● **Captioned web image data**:
----

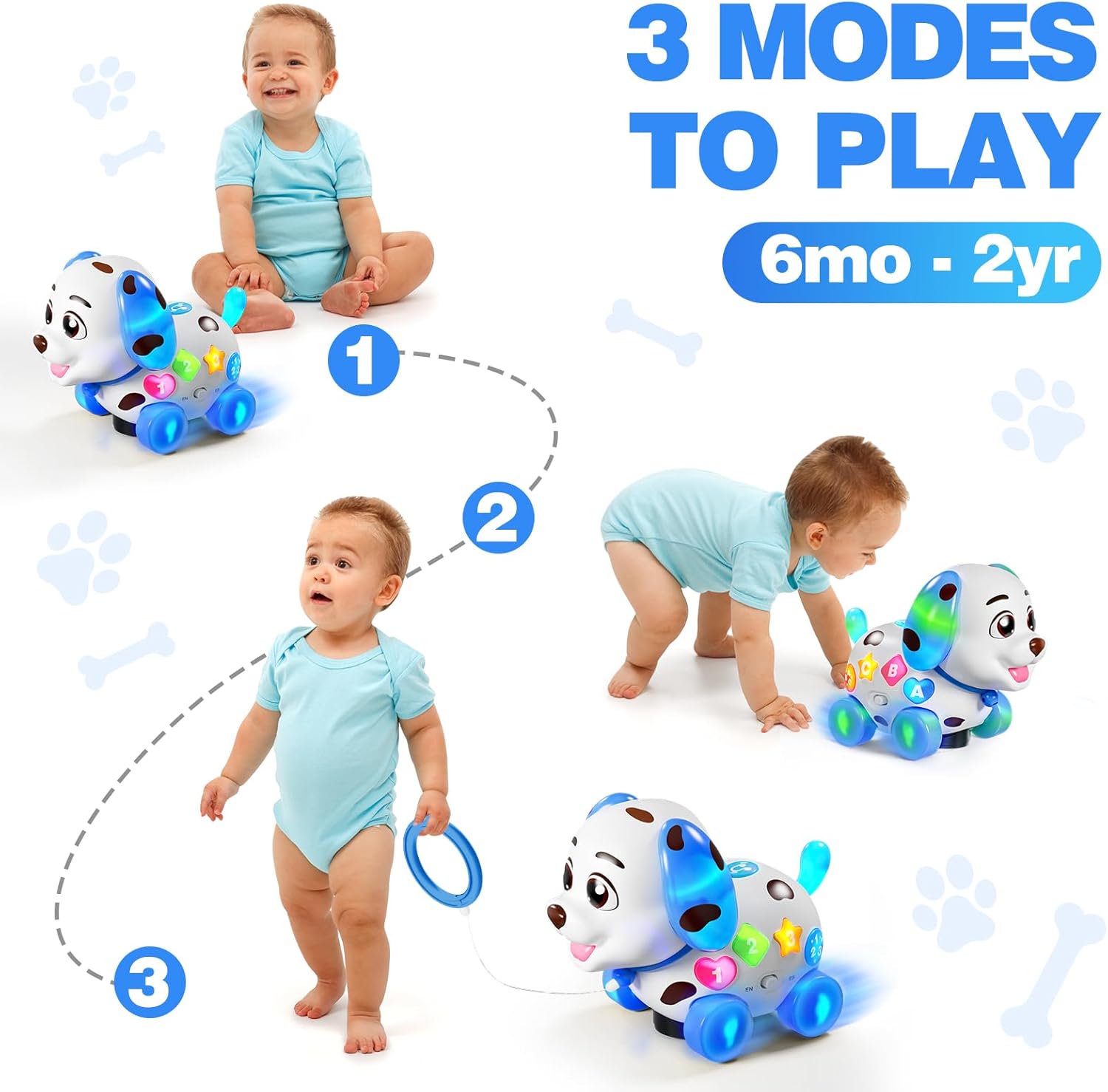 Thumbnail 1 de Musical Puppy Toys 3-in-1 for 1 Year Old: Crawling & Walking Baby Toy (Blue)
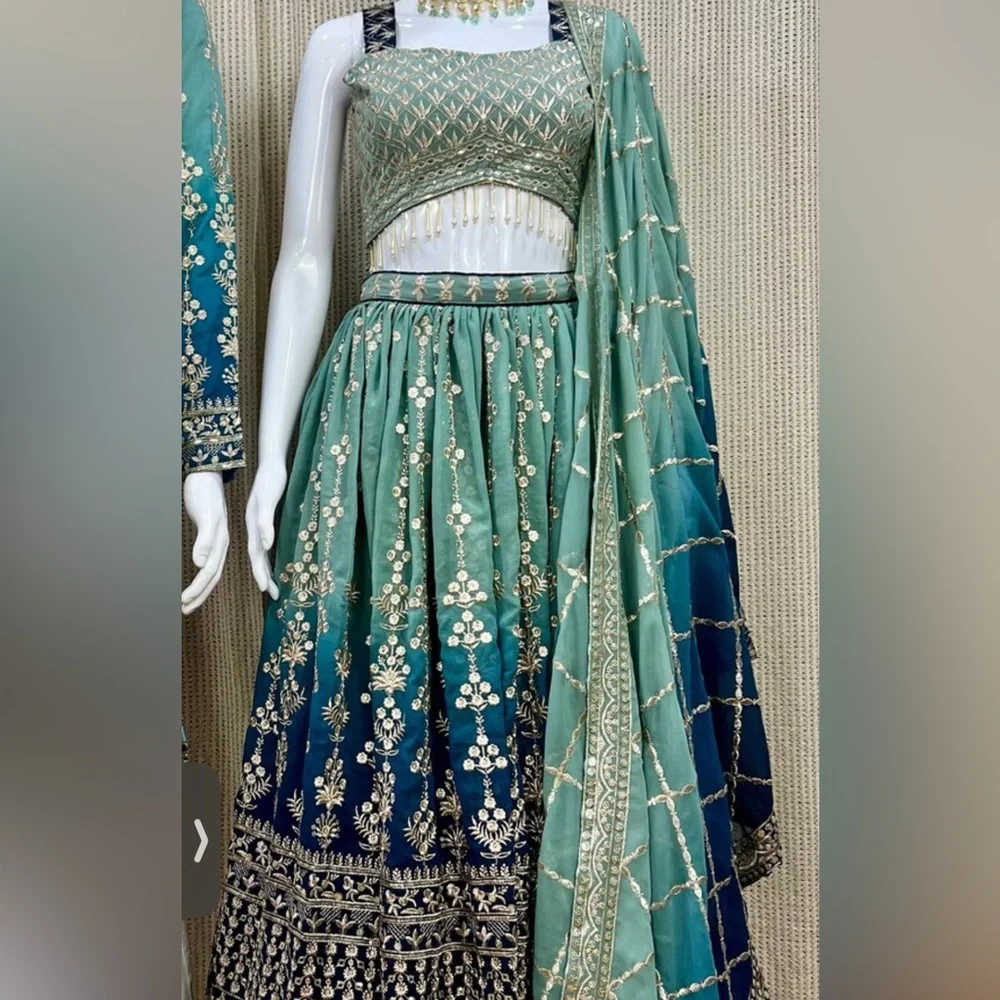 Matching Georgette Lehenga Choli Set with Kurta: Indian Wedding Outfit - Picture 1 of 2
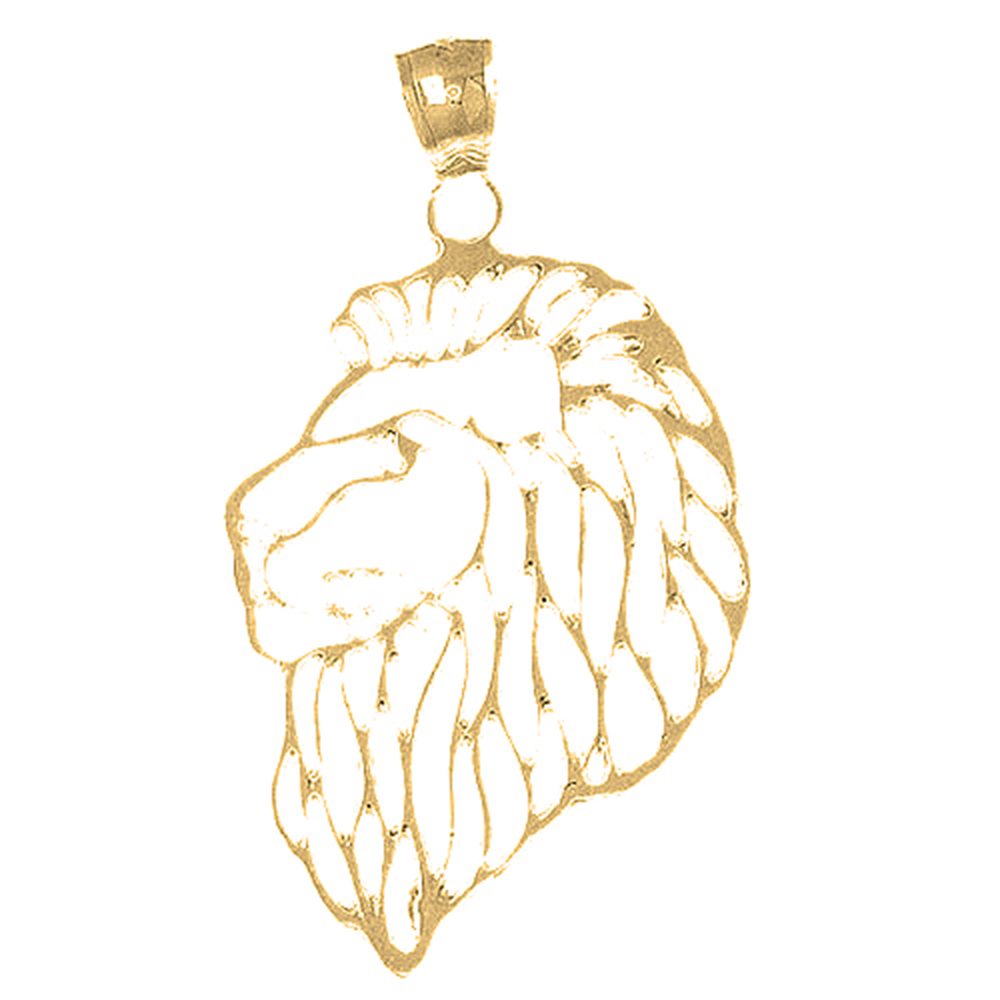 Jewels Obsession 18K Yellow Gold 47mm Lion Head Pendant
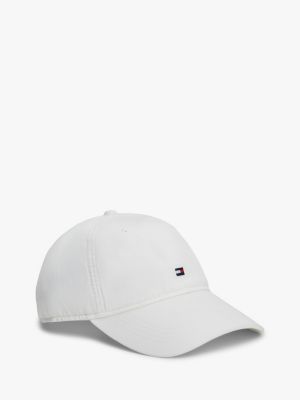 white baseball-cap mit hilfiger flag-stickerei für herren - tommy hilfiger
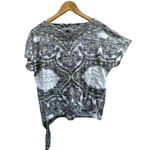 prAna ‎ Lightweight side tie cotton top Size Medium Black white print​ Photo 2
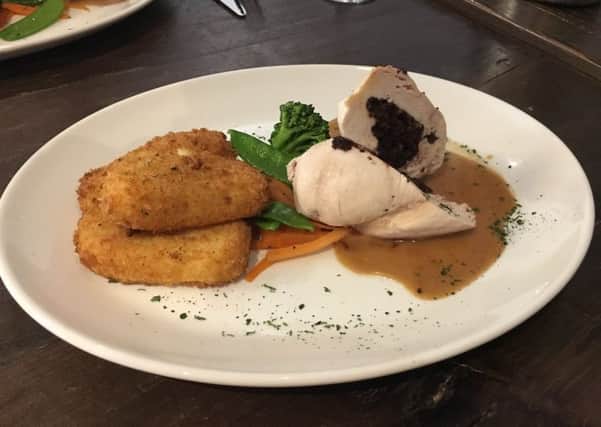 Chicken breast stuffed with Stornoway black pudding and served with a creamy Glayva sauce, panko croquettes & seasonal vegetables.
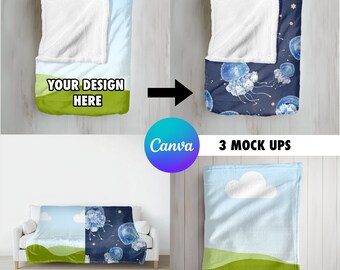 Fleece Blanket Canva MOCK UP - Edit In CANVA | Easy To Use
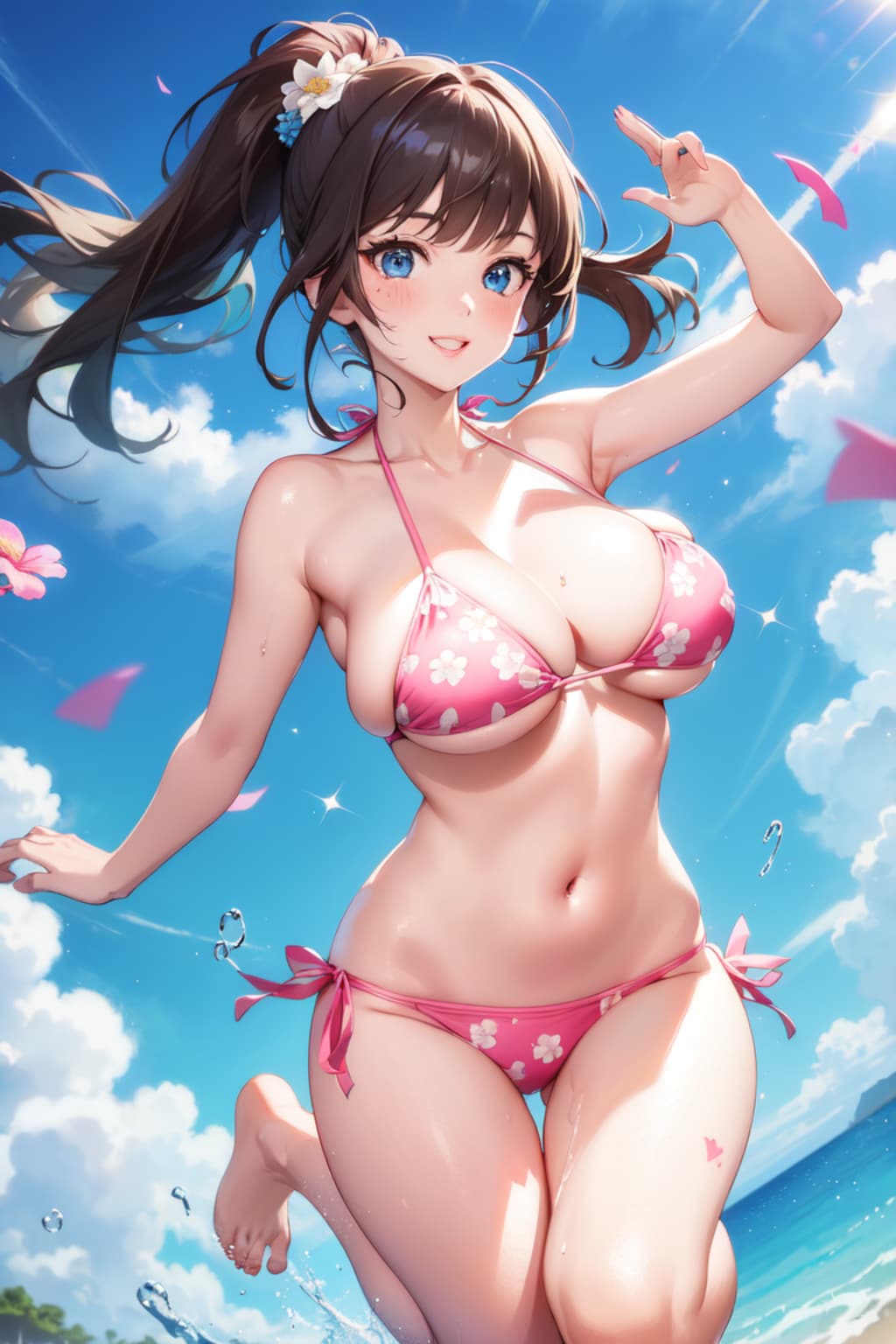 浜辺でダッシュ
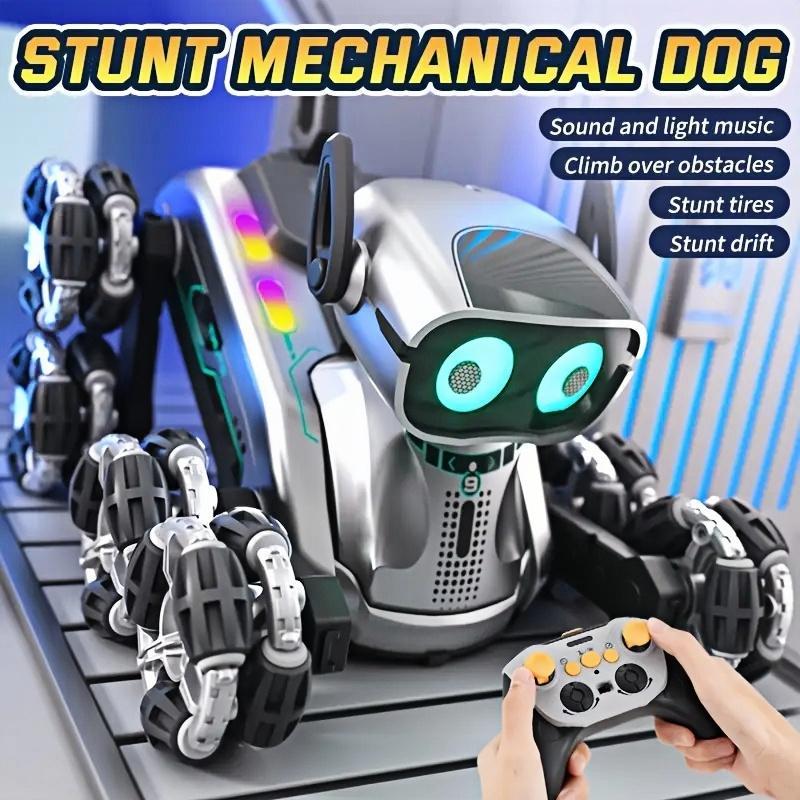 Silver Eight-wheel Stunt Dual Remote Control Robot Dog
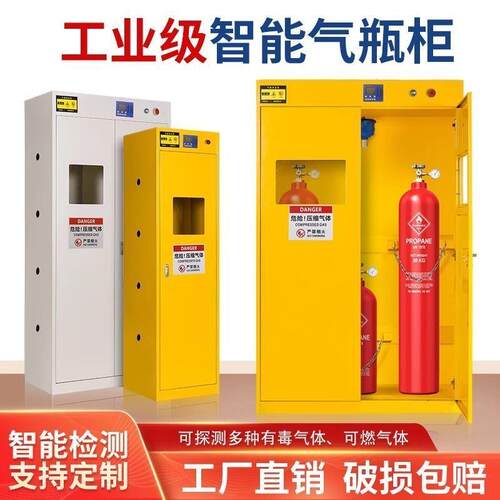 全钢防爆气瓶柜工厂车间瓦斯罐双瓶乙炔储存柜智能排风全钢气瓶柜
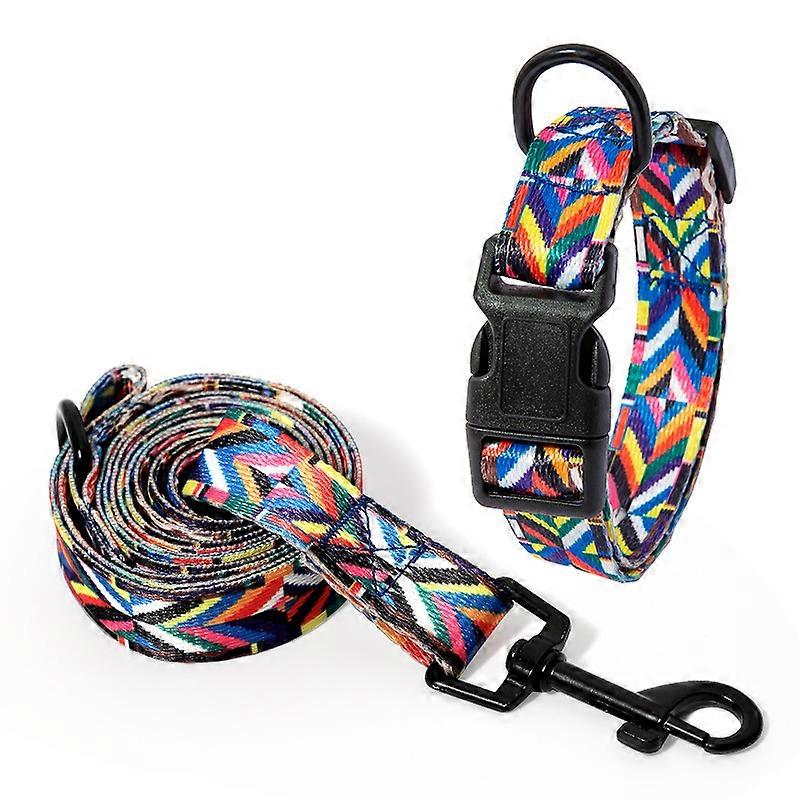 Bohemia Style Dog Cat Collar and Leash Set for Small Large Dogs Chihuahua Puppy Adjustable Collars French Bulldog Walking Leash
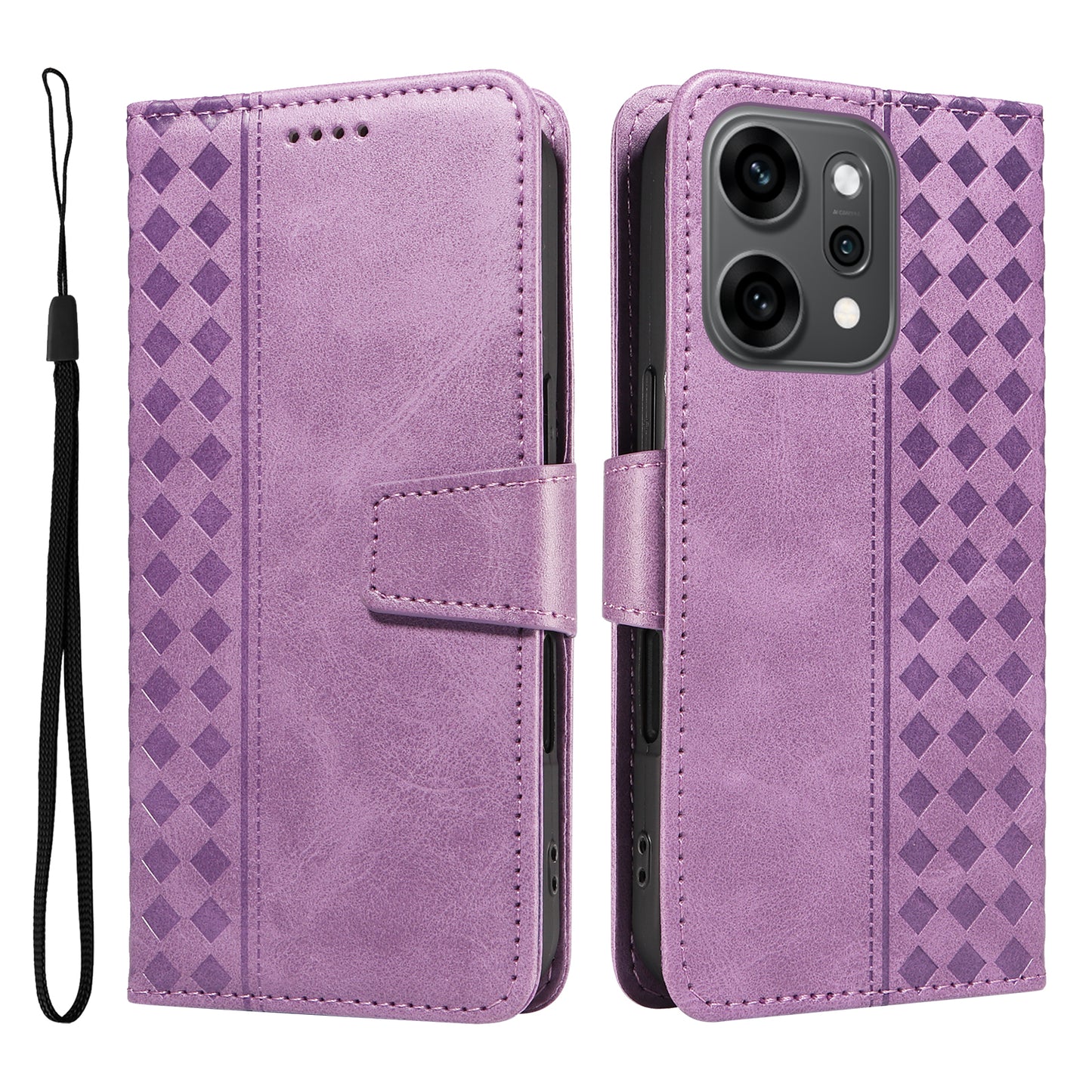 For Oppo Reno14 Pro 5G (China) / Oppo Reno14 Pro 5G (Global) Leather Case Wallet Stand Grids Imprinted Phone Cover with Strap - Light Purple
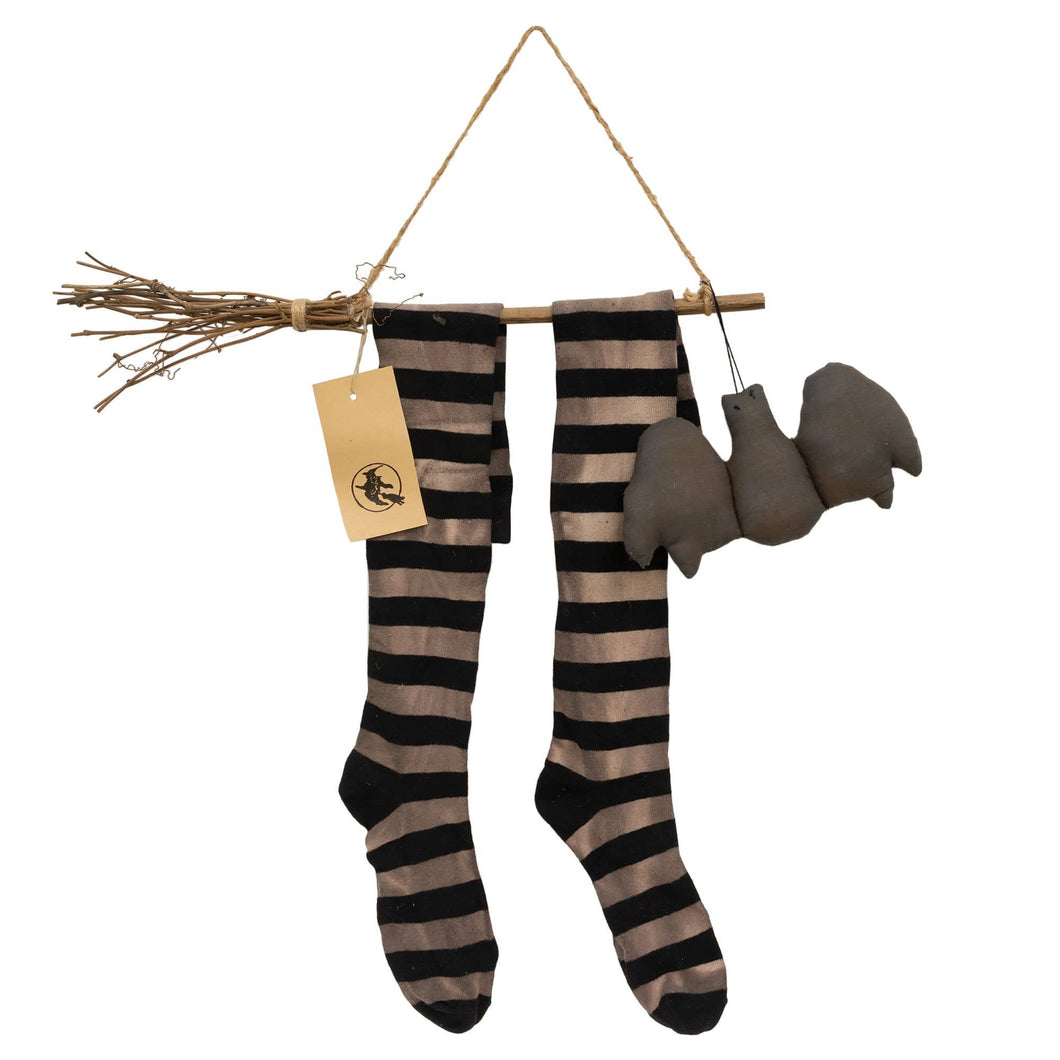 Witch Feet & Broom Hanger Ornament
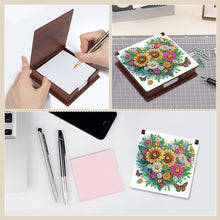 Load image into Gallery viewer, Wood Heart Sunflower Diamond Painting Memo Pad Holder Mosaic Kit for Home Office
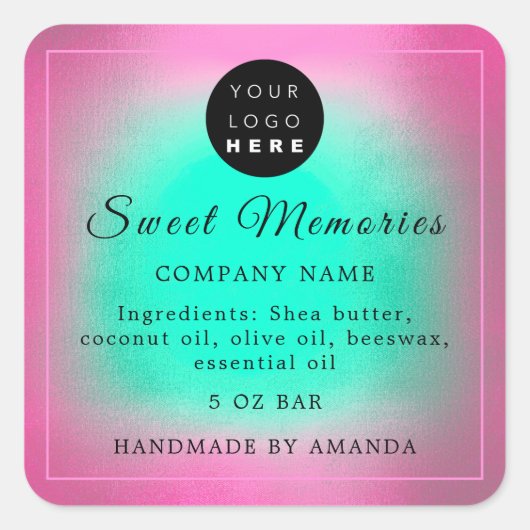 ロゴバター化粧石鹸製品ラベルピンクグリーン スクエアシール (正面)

----

● **TASK DIRECTIONS**: Pictures stay out of this copy. Retype exactly the lines from the one with "For Oppo Reno14" through the last line of the data, both ends included, and nothing more.

● **YOUR SOLUTION**:
 For Oppo Reno14 Pro 5G (China) / Oppo Reno14 Pro 5G (Global) Leather Case Wallet Stand Grids Imprinted Phone Cover with Strap - Light Purple
 Witch Feet & Broom Hanger Ornament
 Load image into Gallery viewer, Wood Heart Sunflower Diamond Painting Memo Pad Holder Mosaic Kit for Home Office
 ロゴバター化粧石鹸製品ラベルピンクグリーン スクエアシール (正面)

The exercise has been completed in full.